# Exercise instructions
Set the pictures aside and return each record below precisely as written.

Captioned web image data
——————

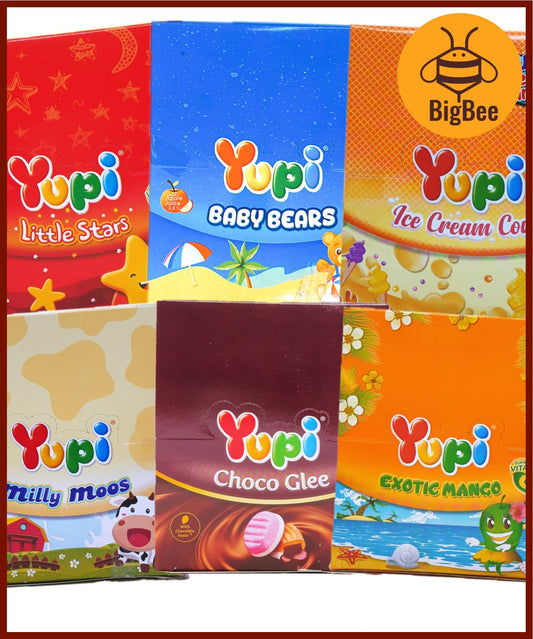 Yupi Gummy-12pcs/24pcs (1box) Baby Bear / Little Star / Exotic Mango / Choco Glee / Milly Moos / Ice Cream Cone (Halal)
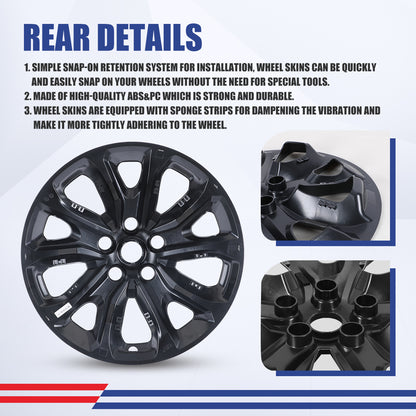 WINJET 17' Hubcaps Wheel Rims Cover for 2018-2021 CHEVROLET EQUINOX - Black Lacquer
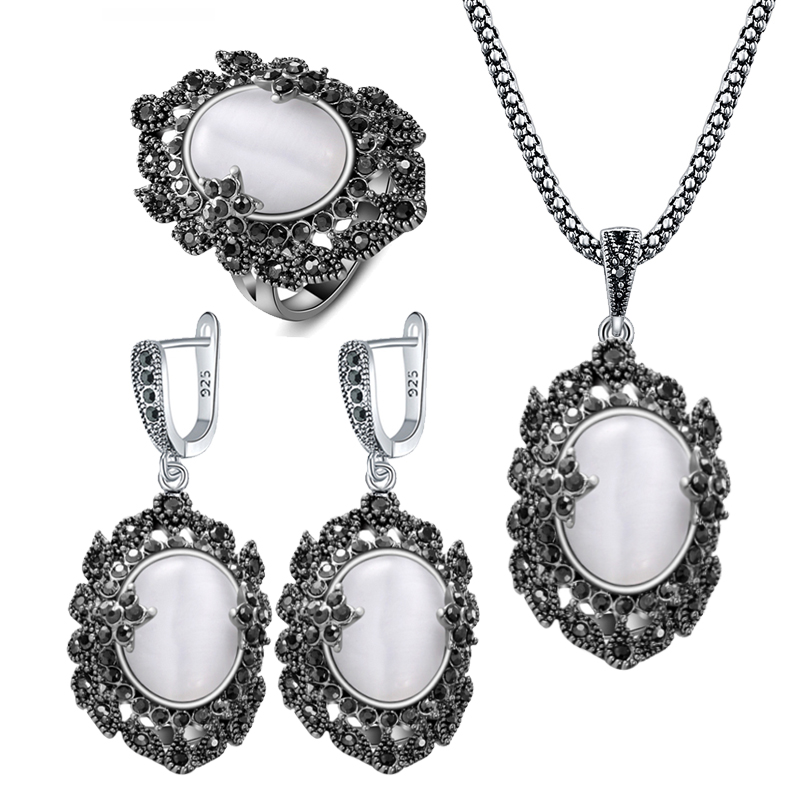 Ajojewel Mode Opal Schmuck Set Für Frauen Damen Vintage Anhänger Halskette Schwarz Strass Blume Ohrringe Ring Neue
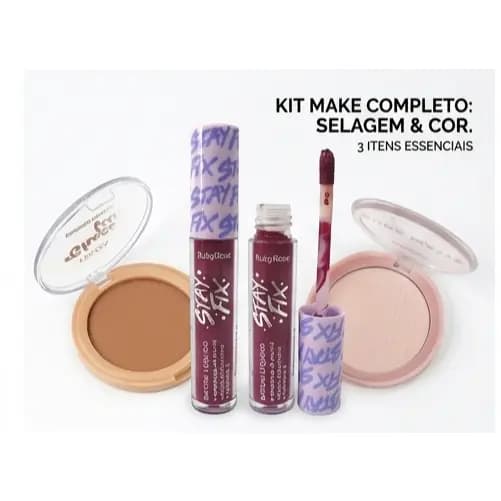 Kit Make Matte: Pó Pure Matte + Bronzer Choco Fun Cacau + Batom Stay Fix Adhara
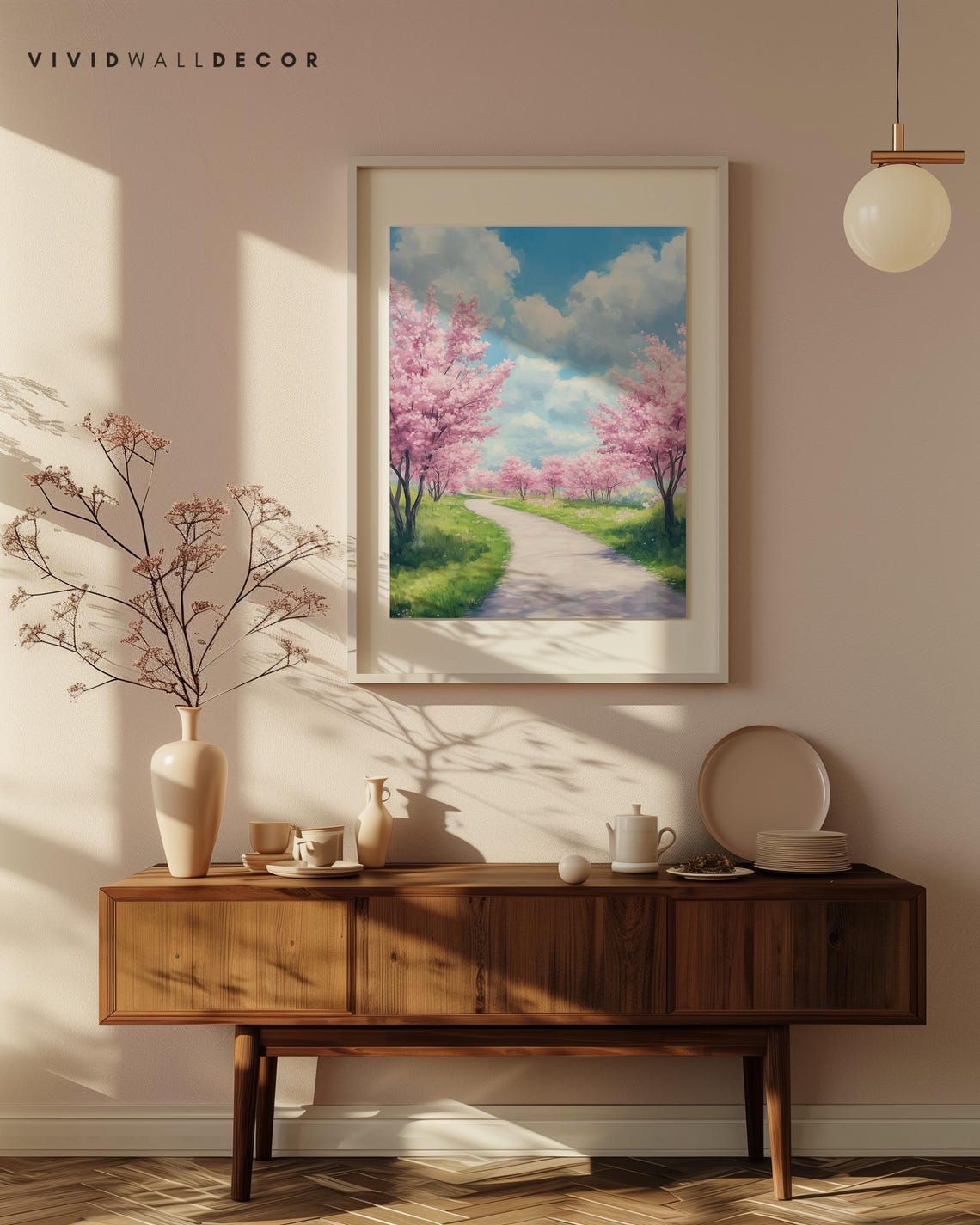 Cherry Blossom Lined Spring Pathway Serene Landscape Art Poster - Image 4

——————

# Result for this exercise
 Yupi Gummy-12pcs/24pcs (1box) Baby Bear / Little Star / Exotic Mango / Choco Glee / Milly Moos / Ice Cream Cone (Halal)
 WINJET 17' Hubcaps Wheel Rims Cover for 2018-2021 CHEVROLET EQUINOX - Black Lacquer
 Ajojewel Mode Opal Schmuck Set Für Frauen Damen Vintage Anhänger Halskette Schwarz Strass Blume Ohrringe Ring Neue
 Kit Make Matte: Pó Pure Matte + Bronzer Choco Fun Cacau + Batom Stay Fix Adhara
 Cherry Blossom Lined Spring Pathway Serene Landscape Art Poster - Image 4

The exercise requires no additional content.